All of the records must come back exactly as they were given.

==== RECORD EXTRACTS ====

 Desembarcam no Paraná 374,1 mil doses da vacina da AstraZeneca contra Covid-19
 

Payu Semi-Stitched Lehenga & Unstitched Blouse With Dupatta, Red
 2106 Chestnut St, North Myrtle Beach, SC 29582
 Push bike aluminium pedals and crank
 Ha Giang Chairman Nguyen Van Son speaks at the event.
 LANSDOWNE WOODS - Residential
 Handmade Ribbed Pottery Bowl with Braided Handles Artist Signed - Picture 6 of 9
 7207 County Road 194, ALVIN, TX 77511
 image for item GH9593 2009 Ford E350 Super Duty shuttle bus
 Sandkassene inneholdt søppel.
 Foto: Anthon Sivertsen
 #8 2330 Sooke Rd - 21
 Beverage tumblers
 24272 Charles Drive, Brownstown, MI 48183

====

● ANSWER FOR THE TASK:
 Desembarcam no Paraná 374,1 mil doses da vacina da AstraZeneca contra Covid-19
 

Payu Semi-Stitched Lehenga & Unstitched Blouse With Dupatta, Red
 2106 Chestnut St, North Myrtle Beach, SC 29582
 Push bike aluminium pedals and crank
 Ha Giang Chairman Nguyen Van Son speaks at the event.
 LANSDOWNE WOODS - Residential
 Handmade Ribbed Pottery Bowl with Braided Handles Artist Signed - Picture 6 of 9
 7207 County Road 194, ALVIN, TX 77511
 image for item GH9593 2009 Ford E350 Super Duty shuttle bus
 Sandkassene inneholdt søppel.
 Foto: Anthon Sivertsen
 #8 2330 Sooke Rd - 21
 Beverage tumblers
 24272 Charles Drive, Brownstown, MI 48183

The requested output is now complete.